Pics of my 09 FP3 built up that I am racing right now:


----------



## master2129 (Mar 30, 2007)

Nice looking ride. You have lots of expensive components on your bike worthy of a Prince. What does your bike weight come in at all set up like this? Are you using an SRM Crankset?


----------



## wrestlr (Feb 19, 2007)

Thanks for the comment. I actually had a Prince but sold it a while back. There is a difference in the Prince vs. FP3, but I actually like the FP3 alot and prefer it over the Prince. This is a race/training bike for me and I don't have to worry about it as much. Most likely weighs around 15 built up as pictured, I will have to get an exact weight for you later when I go back to the shop. I do use the SRM powermeter but just did not have the powercontrol attached for the picture. 
-Mike


----------



## shachah7 (Dec 2, 2008)

Nice looking ride mate.

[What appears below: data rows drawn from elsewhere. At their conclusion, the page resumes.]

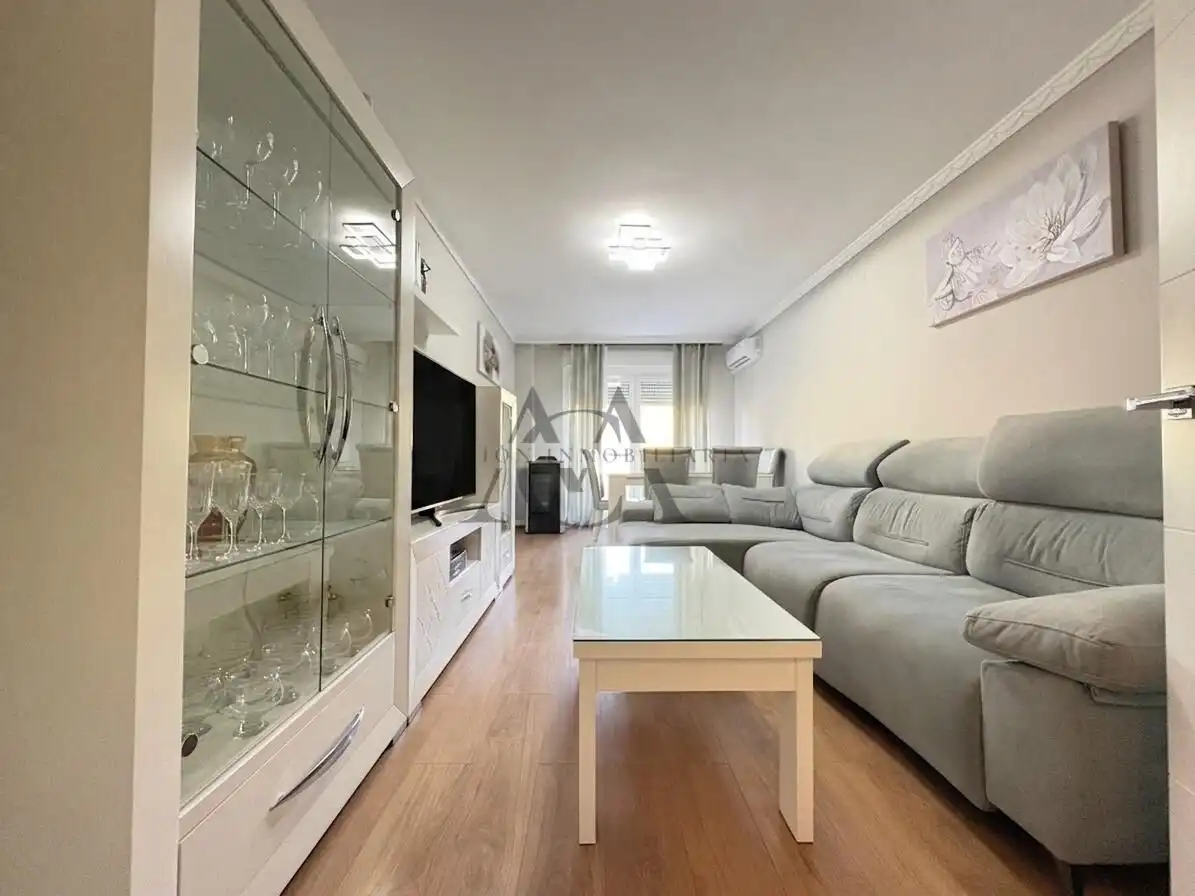 Living room of Flat for sale in Lucena  with Air Conditioner, Heating and Terrace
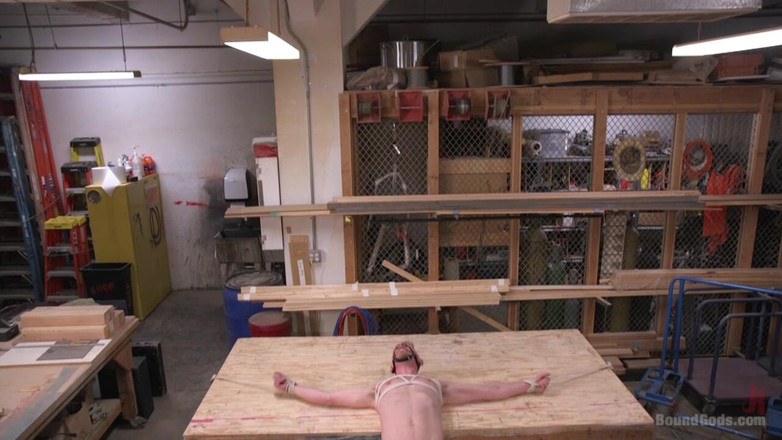 KINK men: दोषी श्रृंखला - "जेल में, तुम मेरी कुतिया हो!"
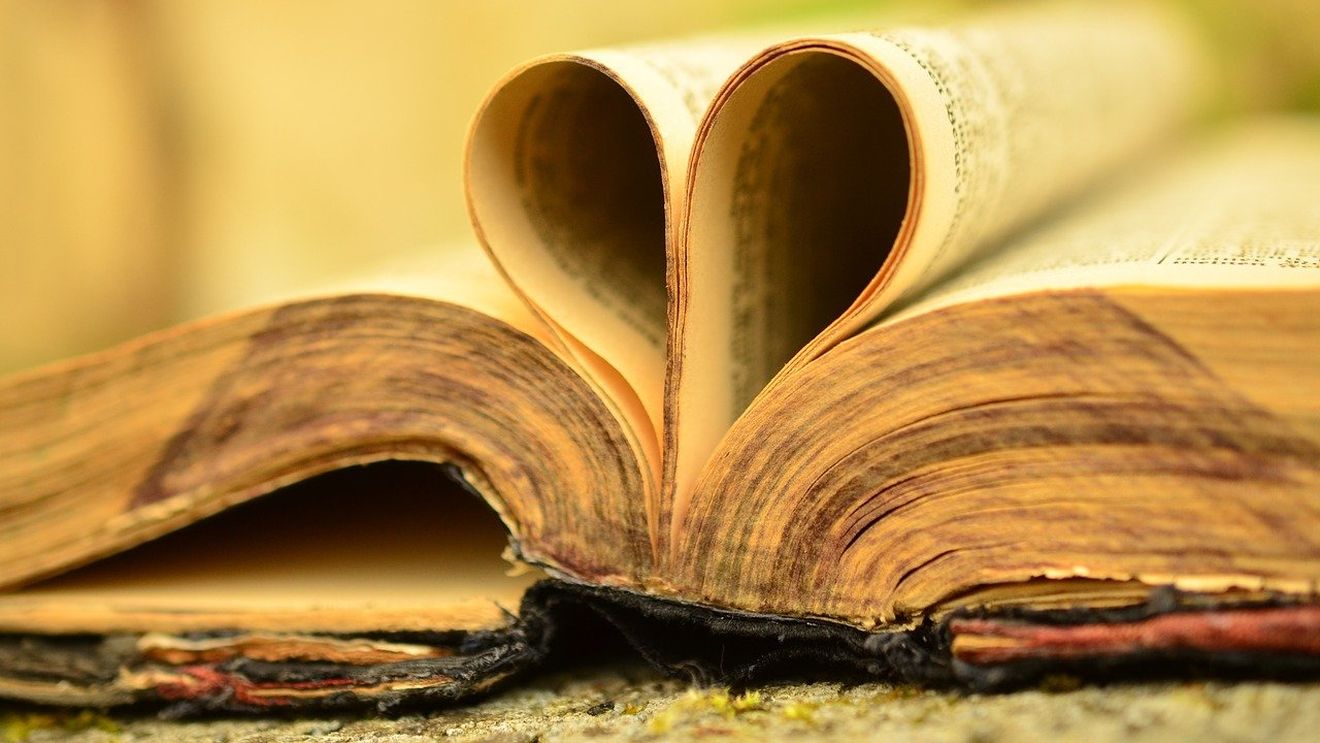 Lista autorilor recomandați la clasa a IX-a de Ministerul Educației, prin noua programă de limba română 2026: Cronicarul Miron Costin cu Letopisețul de la Aron Vodă, „Predoslovie adecă voroava cătră cititoriul” sau Costache Negruzzi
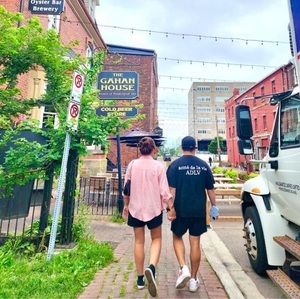 Meet your Posher, Quynh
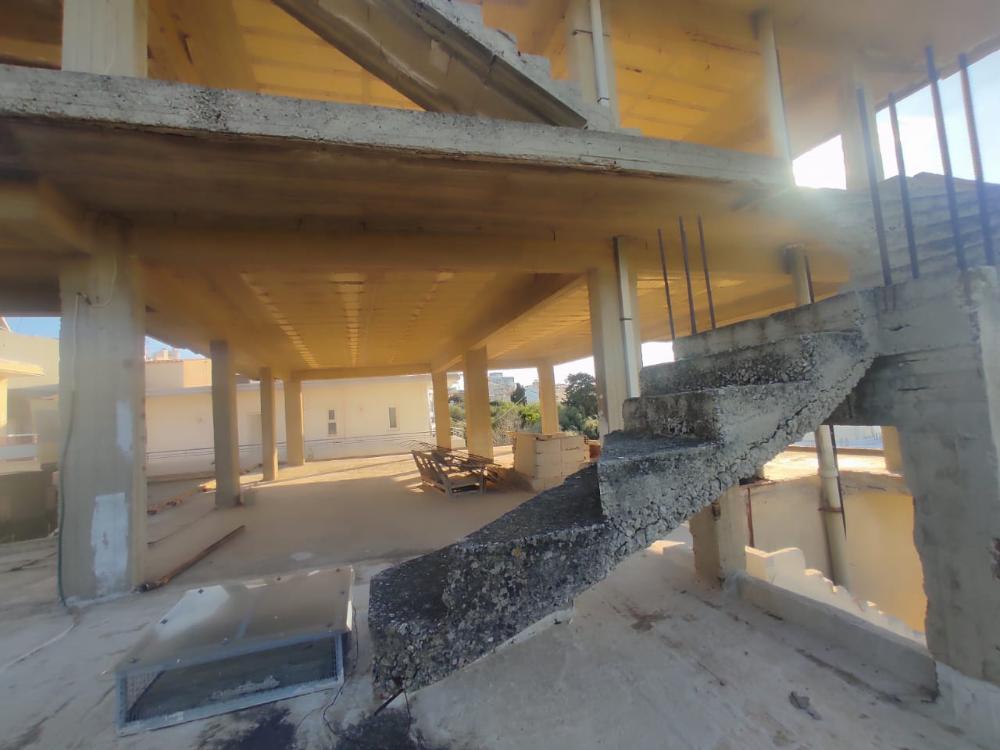 Kreta, Chania: Zwei unfertige Stockwerke mit Meerblick zu verkaufen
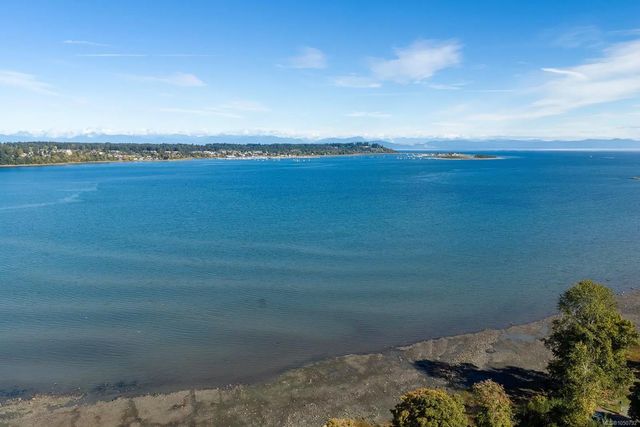 3 of 21 - 3632 Island Hwy S, Courtenay, BC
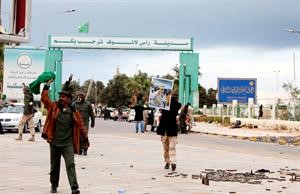 القوات الموالية للقذافي تحتفل بسيطرتها على راس لانوف﻿﻿افپ﻿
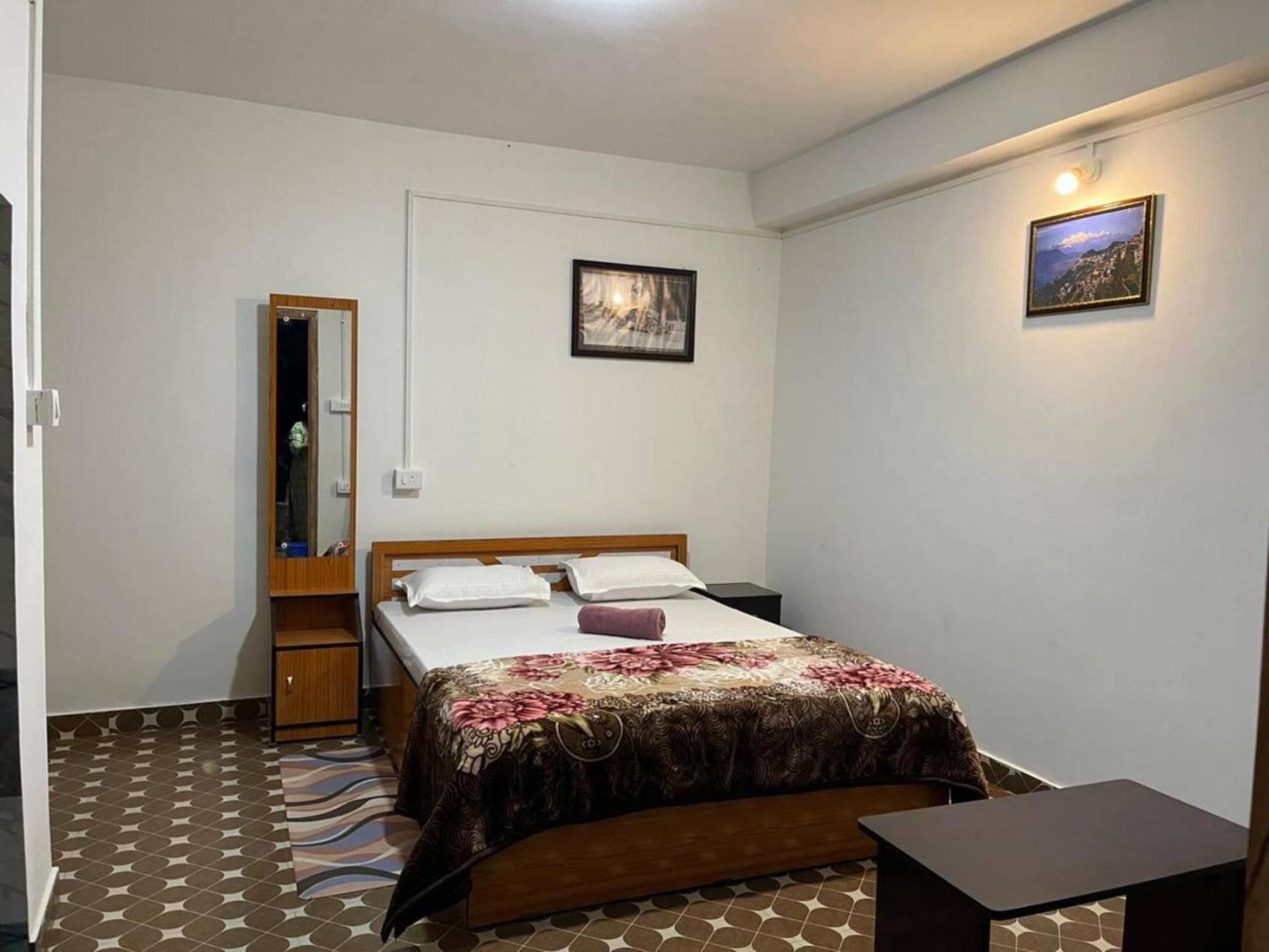 Pradhan Homestay Mirik - Homestay Beside Mirik Lake Екстериор снимка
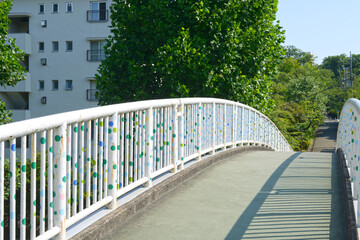 夏の団地の歩道橋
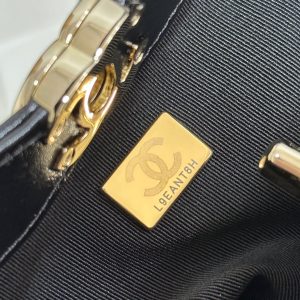 CC 25P Mini 31 Bag Black Waxed Sheepskin Gold Hardware 243582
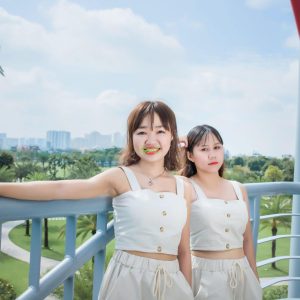 Women Lace Sexy Vest Strap Fashion Camisole Sleeveless T-Shirt Underwear Tank Tops Lady Korean Casual Women Summer Tank Croptop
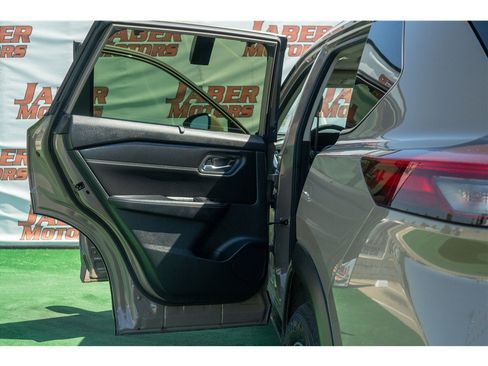 Used 2024 Nissan Rogue SV w/ SV Premium Package FWD image 35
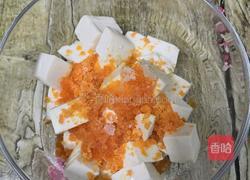 咸蛋黄豆腐的做法图解4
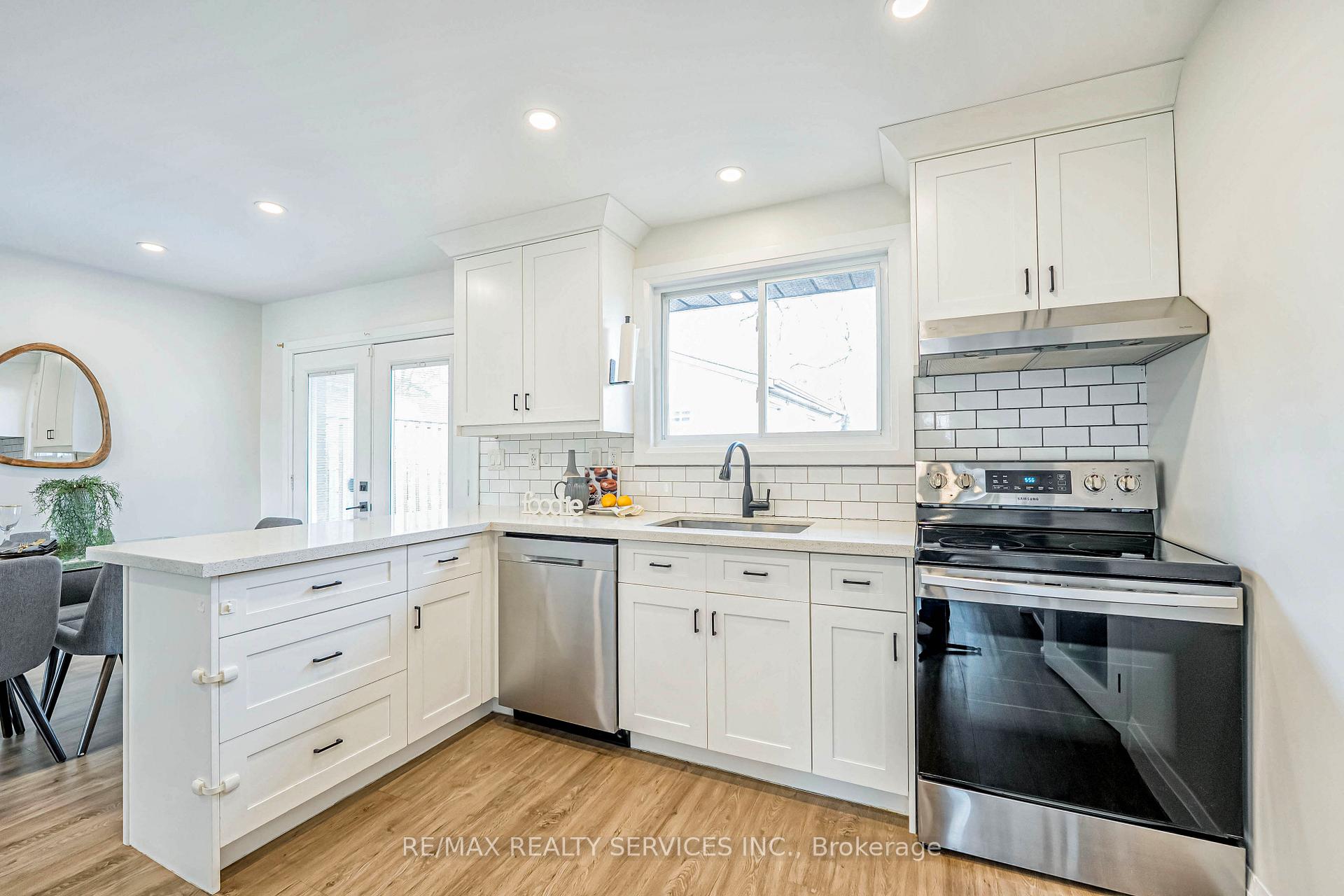 Photo 18 of 17 Shamrock Court, Hamilton, Lawfield — HOMEH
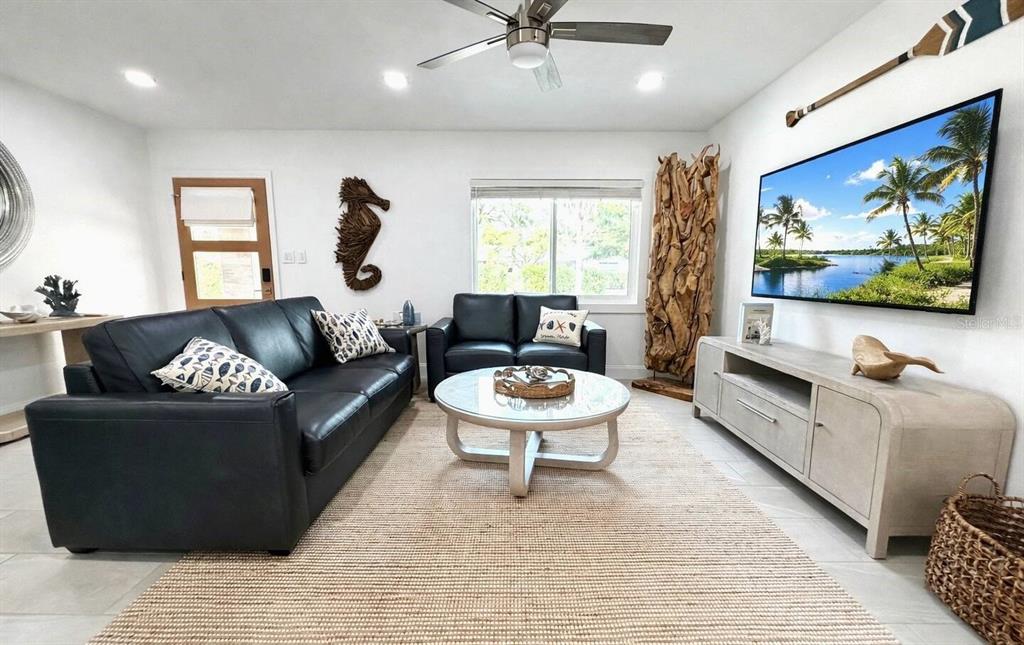 2238 Clematis Street Sarasota, FL 34239 - Photo 2 of 17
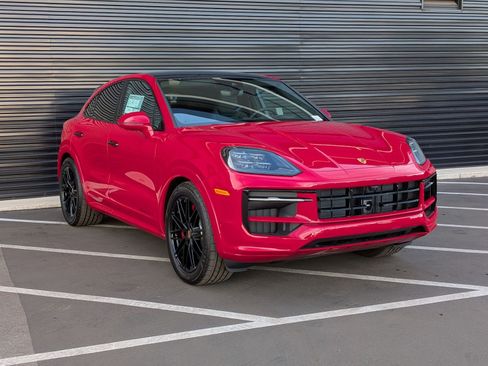 New 2026 Porsche Cayenne S image 7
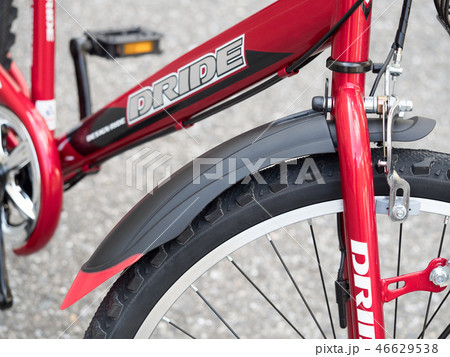 自転車 前輪の泥よけの写真素材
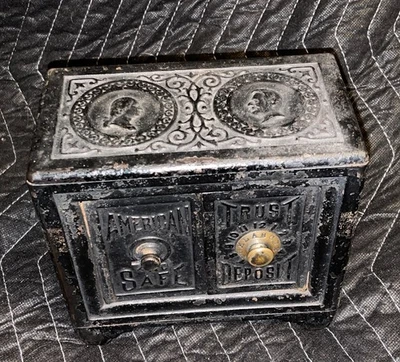 Banco de monedas de hierro fundido DE COLECCIÓN DOBLE PUERTA seguro American Trust & Safe Deposit Foto 1 de 4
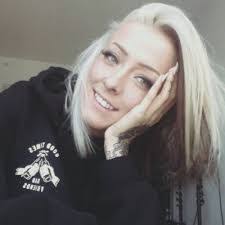 Marisa Ball's Instagram, Twitter & Facebook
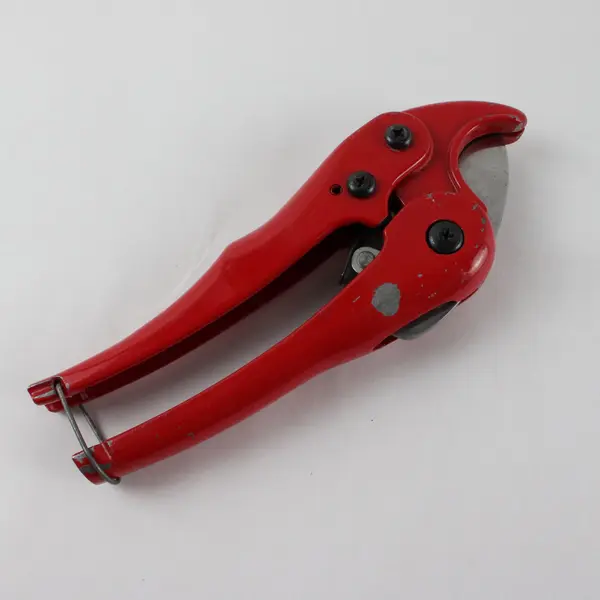 Uniweld 70087 PVC Pipe Cutter Ratchet Action 2-1/2 in Clean Cut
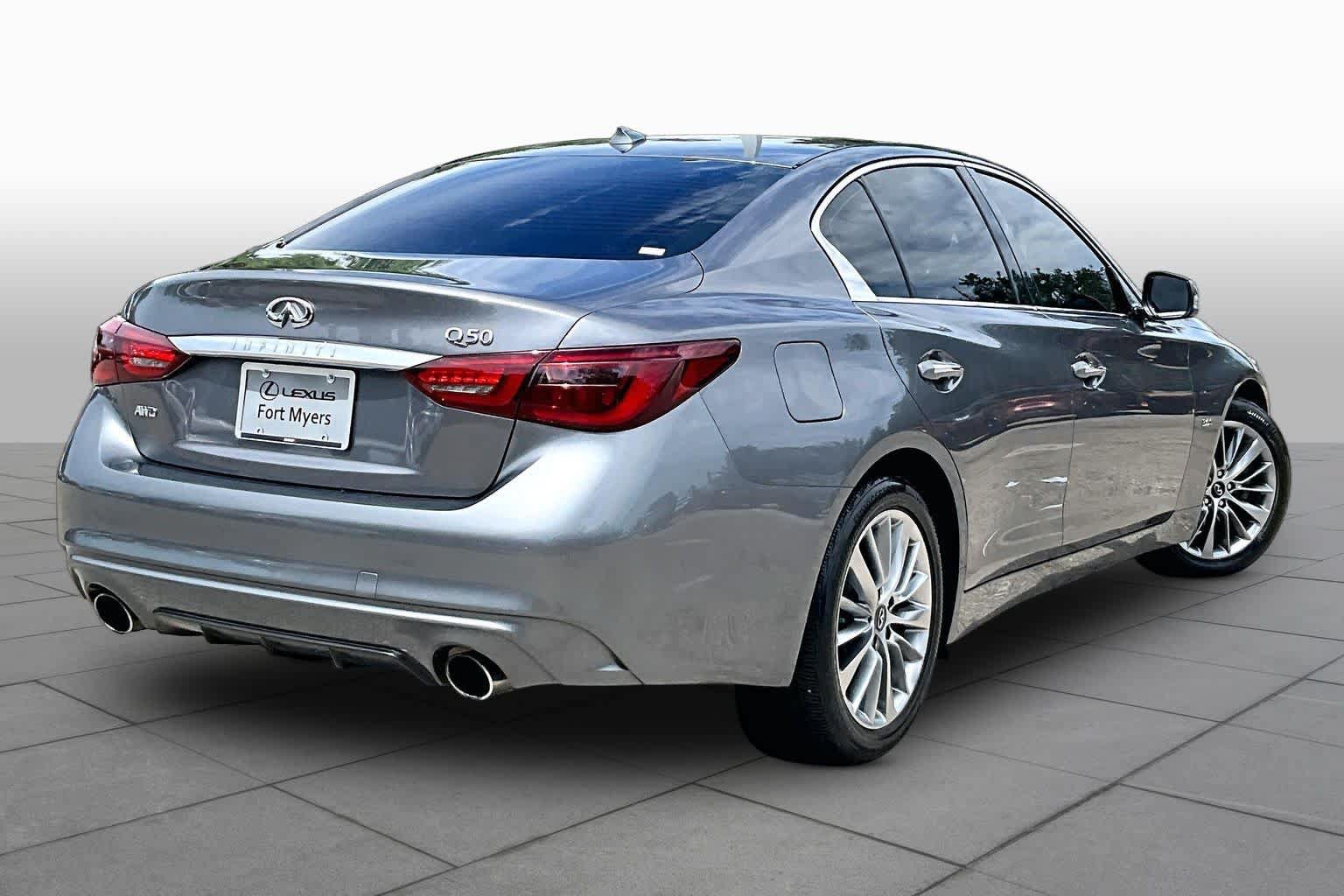 Used 2018 INFINITI Q50 Luxe AWD/4WD image 13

What handlebars and tape did you put on it?


----------



## sbthaut (Apr 17, 2007)

How long ago did you have a Prince, and why do you prefer the FP3? Love the bike and the set up BTW!!


----------



## softwaredeveloper99 (May 17, 2009)

i am looking at the fp3 and the Madone - my bike shop told me the fp3 is no longer made

how do u like the most components

rob


----------



## kyrider (Apr 28, 2007)

softwaredeveloper99 said:


> i am looking at the fp3 and the Madone - my bike shop told me the fp3 is no longer made
> 
> how do u like the most components
> 
> rob


Get the Madone, you can't beat Lifetime warranty vs. 2 years warranty from Pinarello... and that comes with a big question mark! After dealing with Gita and Pinarello I question their commitment to 100% customer satisfaction.

My experience w/ Trek is that they'll cover defects under their warranty no questions asked.


----------



## T-shirt (Aug 15, 2004)

Excuse me, but it is against forum rules to post bikes that are better than mine.

wrestlr, that looks great. Have fun; I hope that you win.


----------